Top of SUPPLIED MATERIAL

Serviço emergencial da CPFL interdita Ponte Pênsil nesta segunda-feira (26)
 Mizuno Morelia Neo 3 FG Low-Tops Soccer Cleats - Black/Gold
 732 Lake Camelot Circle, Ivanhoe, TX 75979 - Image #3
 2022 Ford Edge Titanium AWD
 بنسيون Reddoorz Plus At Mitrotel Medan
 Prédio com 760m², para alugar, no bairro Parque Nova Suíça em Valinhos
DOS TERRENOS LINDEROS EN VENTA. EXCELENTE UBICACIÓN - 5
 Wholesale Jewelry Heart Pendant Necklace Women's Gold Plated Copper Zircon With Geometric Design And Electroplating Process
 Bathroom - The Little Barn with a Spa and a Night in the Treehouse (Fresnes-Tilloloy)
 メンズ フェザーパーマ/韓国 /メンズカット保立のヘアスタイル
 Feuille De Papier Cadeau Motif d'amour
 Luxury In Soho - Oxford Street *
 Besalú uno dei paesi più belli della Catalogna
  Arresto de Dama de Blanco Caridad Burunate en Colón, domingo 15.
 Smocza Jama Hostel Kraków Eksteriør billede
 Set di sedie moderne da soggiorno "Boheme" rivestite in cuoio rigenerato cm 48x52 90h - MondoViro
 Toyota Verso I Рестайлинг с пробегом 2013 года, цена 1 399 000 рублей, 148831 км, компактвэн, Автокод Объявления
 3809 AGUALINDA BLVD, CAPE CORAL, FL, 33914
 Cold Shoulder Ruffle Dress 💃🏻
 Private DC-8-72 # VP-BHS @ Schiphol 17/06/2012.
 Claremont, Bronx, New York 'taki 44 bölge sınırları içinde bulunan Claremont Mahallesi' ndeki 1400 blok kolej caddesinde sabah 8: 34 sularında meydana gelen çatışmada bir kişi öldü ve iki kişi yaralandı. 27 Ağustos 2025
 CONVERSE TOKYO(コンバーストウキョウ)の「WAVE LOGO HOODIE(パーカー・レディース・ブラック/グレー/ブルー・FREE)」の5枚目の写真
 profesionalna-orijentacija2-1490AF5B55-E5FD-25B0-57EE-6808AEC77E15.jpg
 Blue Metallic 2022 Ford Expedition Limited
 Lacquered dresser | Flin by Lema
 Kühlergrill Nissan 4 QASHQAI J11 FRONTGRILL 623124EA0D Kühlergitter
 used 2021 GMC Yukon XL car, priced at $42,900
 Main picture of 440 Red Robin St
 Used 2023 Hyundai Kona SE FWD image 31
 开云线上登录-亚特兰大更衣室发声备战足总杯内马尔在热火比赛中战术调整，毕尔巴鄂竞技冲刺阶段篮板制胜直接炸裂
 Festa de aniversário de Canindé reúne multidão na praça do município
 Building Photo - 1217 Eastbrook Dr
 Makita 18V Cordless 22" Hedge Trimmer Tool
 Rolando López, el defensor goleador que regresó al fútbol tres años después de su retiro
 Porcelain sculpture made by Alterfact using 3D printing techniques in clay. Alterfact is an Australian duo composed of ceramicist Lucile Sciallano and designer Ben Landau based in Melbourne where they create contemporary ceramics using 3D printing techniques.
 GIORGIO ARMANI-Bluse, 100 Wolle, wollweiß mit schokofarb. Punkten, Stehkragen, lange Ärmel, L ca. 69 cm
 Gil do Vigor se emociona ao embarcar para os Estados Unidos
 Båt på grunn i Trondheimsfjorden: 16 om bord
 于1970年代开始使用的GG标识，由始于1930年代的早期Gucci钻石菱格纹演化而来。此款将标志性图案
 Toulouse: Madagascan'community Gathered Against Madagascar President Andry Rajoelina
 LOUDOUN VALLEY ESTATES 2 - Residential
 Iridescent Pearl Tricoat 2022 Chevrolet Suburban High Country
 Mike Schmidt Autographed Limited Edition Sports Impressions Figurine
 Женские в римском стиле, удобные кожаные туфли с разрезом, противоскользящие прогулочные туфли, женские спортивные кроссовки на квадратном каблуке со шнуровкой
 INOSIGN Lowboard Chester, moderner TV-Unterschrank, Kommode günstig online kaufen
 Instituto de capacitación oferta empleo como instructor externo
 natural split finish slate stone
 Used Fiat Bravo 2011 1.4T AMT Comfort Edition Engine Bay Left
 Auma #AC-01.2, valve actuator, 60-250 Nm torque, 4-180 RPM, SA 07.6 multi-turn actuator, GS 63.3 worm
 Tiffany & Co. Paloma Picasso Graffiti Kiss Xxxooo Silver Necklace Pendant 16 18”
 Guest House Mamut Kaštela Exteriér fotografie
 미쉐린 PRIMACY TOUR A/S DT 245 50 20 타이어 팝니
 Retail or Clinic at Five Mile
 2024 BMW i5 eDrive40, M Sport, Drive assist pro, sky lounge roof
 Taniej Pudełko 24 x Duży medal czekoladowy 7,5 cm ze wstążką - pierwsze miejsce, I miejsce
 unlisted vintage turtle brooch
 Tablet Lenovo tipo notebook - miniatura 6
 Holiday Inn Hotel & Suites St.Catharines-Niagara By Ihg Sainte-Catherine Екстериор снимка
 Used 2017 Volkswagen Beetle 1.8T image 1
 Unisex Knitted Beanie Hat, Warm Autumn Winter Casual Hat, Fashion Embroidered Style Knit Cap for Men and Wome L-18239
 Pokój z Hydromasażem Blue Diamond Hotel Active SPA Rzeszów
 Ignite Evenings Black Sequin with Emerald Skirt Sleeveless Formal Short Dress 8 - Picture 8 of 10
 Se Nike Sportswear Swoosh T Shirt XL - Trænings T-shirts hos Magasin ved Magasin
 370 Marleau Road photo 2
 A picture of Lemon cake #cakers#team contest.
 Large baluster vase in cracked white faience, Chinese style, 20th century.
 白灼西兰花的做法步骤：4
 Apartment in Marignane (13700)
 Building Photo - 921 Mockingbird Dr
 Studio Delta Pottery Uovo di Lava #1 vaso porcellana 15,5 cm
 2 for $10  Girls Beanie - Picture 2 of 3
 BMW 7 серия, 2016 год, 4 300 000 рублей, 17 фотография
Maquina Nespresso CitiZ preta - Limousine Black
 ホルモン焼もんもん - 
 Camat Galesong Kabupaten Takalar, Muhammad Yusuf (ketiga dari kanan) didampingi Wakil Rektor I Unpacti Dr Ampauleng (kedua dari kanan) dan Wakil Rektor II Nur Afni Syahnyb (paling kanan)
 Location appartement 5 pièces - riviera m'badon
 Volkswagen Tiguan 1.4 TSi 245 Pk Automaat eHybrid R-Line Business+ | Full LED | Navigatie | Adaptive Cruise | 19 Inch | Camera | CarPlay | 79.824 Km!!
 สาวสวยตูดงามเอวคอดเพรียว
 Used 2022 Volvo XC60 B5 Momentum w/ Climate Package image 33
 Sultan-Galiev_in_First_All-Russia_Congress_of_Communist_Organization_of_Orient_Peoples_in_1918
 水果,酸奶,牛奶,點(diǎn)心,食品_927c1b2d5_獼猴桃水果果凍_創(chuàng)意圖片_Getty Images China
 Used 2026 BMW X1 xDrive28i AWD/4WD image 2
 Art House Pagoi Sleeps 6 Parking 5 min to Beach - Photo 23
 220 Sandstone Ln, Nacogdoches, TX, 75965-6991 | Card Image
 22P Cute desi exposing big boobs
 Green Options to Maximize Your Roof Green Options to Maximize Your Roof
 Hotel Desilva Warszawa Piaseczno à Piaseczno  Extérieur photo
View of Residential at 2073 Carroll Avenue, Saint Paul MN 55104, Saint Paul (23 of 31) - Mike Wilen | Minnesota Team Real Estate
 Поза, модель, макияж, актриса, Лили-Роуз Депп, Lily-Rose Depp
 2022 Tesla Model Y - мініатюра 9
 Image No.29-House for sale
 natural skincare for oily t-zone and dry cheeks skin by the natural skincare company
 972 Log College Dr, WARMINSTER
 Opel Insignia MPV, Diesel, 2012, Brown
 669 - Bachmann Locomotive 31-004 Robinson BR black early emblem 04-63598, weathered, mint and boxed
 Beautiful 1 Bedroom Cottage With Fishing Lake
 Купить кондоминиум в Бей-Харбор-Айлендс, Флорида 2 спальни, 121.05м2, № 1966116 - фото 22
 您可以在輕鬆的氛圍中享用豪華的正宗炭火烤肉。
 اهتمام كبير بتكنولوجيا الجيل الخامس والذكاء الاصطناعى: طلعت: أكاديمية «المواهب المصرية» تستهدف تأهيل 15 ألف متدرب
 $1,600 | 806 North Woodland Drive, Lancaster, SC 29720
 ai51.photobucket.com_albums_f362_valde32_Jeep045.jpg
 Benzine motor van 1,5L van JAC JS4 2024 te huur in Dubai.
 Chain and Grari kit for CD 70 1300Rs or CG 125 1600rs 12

Bottom of SUPPLIED MATERIAL

→ TASK DESCRIPTION: What is needed is a word-for-word copy of the records above, from the first line through the line that contains "بنسيون Reddoorz Plus At Mitrotel Medan".

→ EXERCISE SOLUTION:
Serviço emergencial da CPFL interdita Ponte Pênsil nesta segunda-feira (26)
 Mizuno Morelia Neo 3 FG Low-Tops Soccer Cleats - Black/Gold
 732 Lake Camelot Circle, Ivanhoe, TX 75979 - Image #3
 2022 Ford Edge Titanium AWD
 بنسيون Reddoorz Plus At Mitrotel Medan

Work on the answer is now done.